▸ **To do**:
In the entries below, find each line with the string "Entryway" and copy it.

Given data: Begin

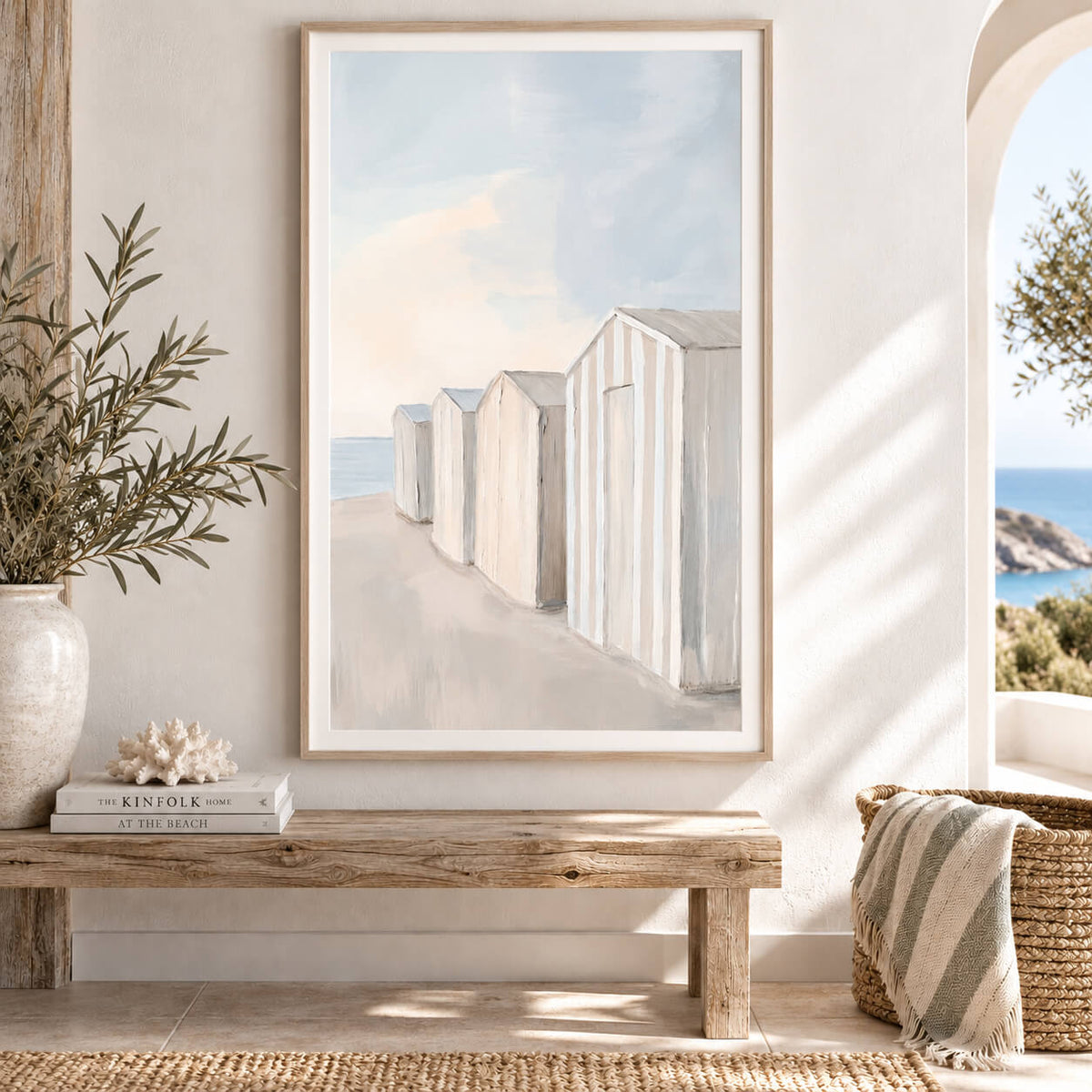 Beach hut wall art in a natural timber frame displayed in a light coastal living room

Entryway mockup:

Given data: End
Given data: Begin

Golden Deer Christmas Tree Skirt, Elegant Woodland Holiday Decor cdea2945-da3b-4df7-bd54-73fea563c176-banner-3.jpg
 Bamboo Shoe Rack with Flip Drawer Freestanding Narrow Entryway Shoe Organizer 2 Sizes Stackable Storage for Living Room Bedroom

Given data: End

▸ **Answer area**:
Entryway mockup:
 Bamboo Shoe Rack with Flip Drawer Freestanding Narrow Entryway Shoe Organizer 2 Sizes Stackable Storage for Living Room Bedroom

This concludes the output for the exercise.